Die Erzeugung des Tons erfolgt mechanisch durch Anstreichen der Saite mit dem Bogen oder durch Zupfen mit den Fingern. Auf dem Griffbrett befinden sich jedoch nicht, wie z. B. bei der Gitarre, Bünde. Daher muss der Cellist die Griffposition für eine bestimmte Tonhöhe aus dem Gedächtnis finden, indem er die richtige Stelle einer Saite mit der linken Hand niederdrückt.

Die Einsatzmöglichkeiten des Cellos sind vielfältig. In der Barockmusik meist mit einem Continuo-Part, d.h. einer Baßbegleitung, bedacht, gibt es seit dem 18. Jhd. eine immer größer wedende Auswahl an Solo- und Kammermusikwerken. In der klassischen Streichquartettbesetzung ist das Cello eine feste Größe und ab dem 19. Jhd. etablierte es sich außerdem neben der Geige als Soloinstrument. 

Wegen der Vielfalt seiner klanglichen Möglichkeiten wird das Cello zunehmend auch außerhalb der "klassischen Musik" eingesetzt.
Sehr beliebt bei Cellisten ist z.B. der argentinische Nuevo Tango. Im Jazz wurde das Violoncello durch den Kontrabassisten Oscar Pettiford populär. Der Cello-Klang wurde zum Teil auch elektronisch verstärkt oder verzerrt.
Seit dem Ende der 1960er Jahre begegnet man dem Cello in der Rockmusik. Schon die Beatles experimentierten auf ihren Studioalben mit Celloklängen.
Heute findet man das Cello in allen Stilrichtungen (u.a. als E-Cello) bis hin zu Heavy Metal vertreten.

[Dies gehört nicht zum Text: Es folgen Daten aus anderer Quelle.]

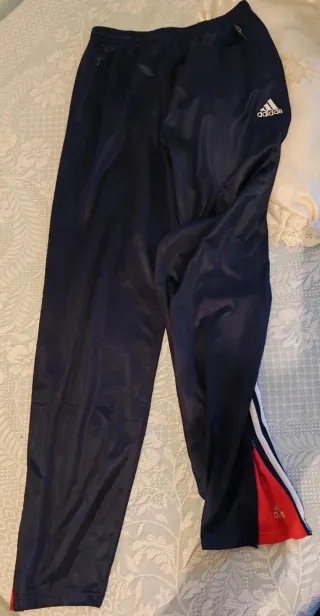 Pantalón chándal Adidas azul y rojo
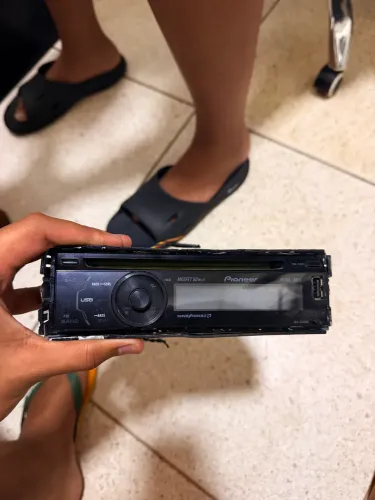 RÁDIO PIONEER COM SUB, NAO PEGA BLUETOOTH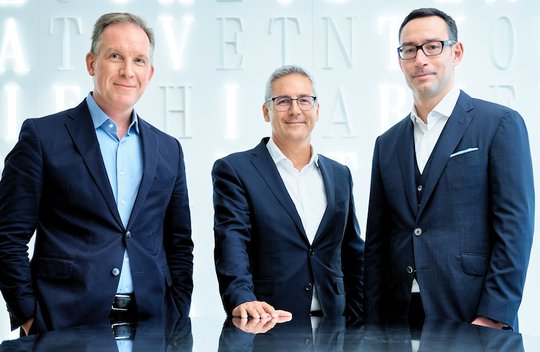 Schulterschluss über den Gotthard: Roman Geiser, CEO & Managing Partner von Farner, Fabio Corti, CEO von SRI, und Michel Grunder, Farner-Partner & Head of Public Affairs
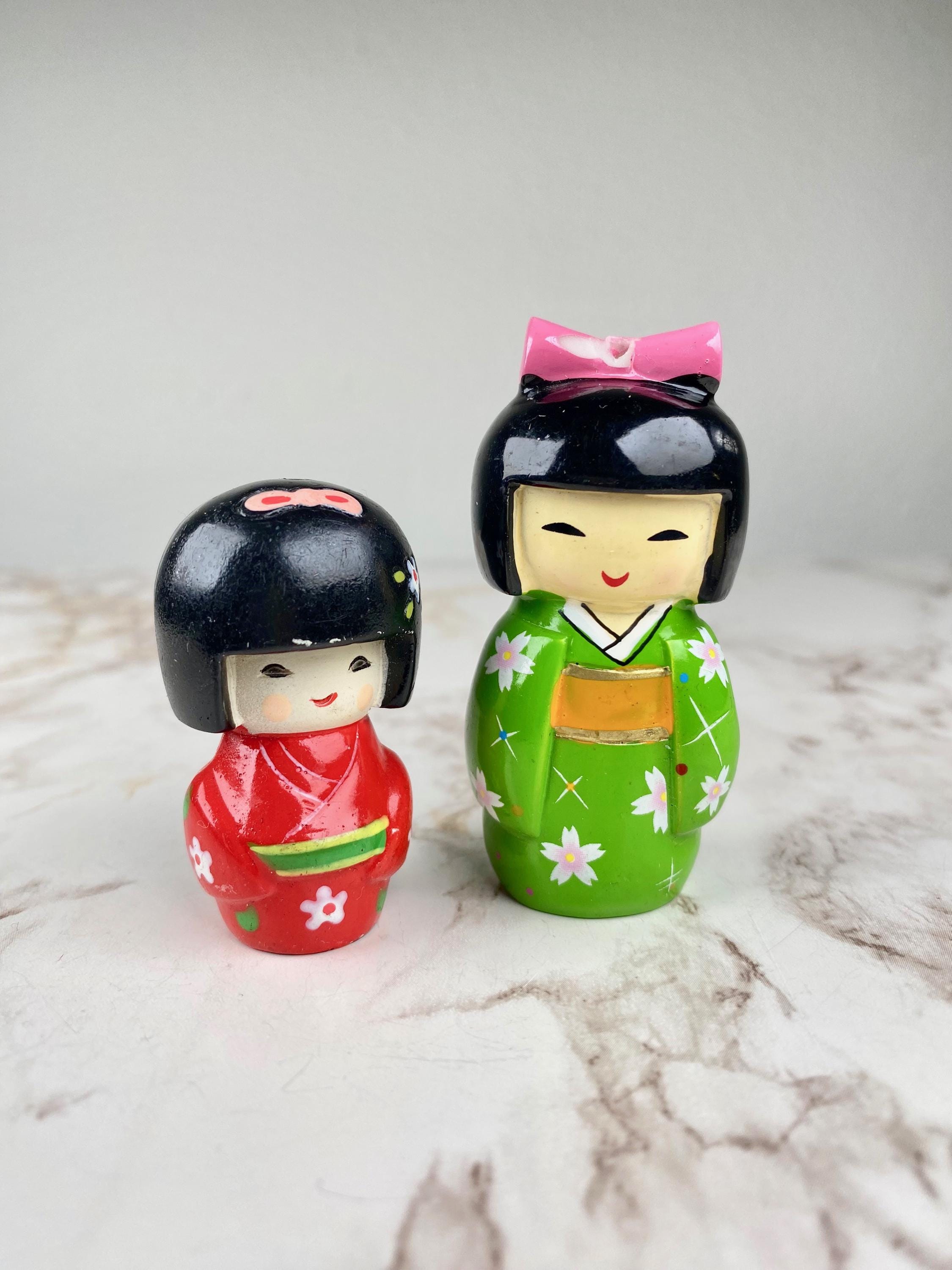 日本の伝統的な縁起の良い芸者人形のヴィンテージこけし人形一対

Das Einstiegsalter liegt ähnlich dem der Violine ungefähr zwischen 5 und 8 Jahren. Es ist aber durchaus auch möglich, früher oder später zu beginnen, je nach Entwicklung und Eignung des Kindes.  
Für Kinder, die das Instrument erlernen, gibt es neben dem normalen 4/4-Cello auch Instrumente in kleineren Ausführungen. Die Größen reichen von 1/16 über 1/8, 1/4, 1/2, 3/4 bis zum 7/8-Cello. Allerdings kann man aus dem Bruch nicht direkt auf die Größe des Instruments schließen. So beträgt die Größe eines 3/4 Cello etwa 90% eines 4/4 Cello, die eines 1/8 Cello noch 65%.
Die geeignete Größe wird in der Regel in Absprache mit dem Lehrer und evtl. einem Geigenbauer ermittelt.





Lehrer: Markus Händelmarkushaendel

Markus Händel wurde 1974 in Weimar geboren. Seit 1987 war er Schüler der Musikspezialschule Weimar-Belvedere. 1990 gwann er den 1.Preis beim Zentralen Leistungsvergleich der Musikspezialschulen der DDR, sowie einen 2.Preis beim Bundeswettbewerb "Jugend musiziert" im Jahr 1992. Von 1993 bis 1997 studierte er an der Hochschule für Musik "Franz Liszt" bei Prof. Maria-Luise Ewald, sowie Kammermusik bei Prof. Ulrich Beetz (Abegg-Trio). Während seines Studiums war er Stipendiat der Studienstiftung des Deutschen Volkes. Konzertreisen führten ihn durch Europa, nach Israel, Japan und nach Südamerika. Seit 1998 ist Markus Händel als Cellist an der Staatskapelle Halle angestellt.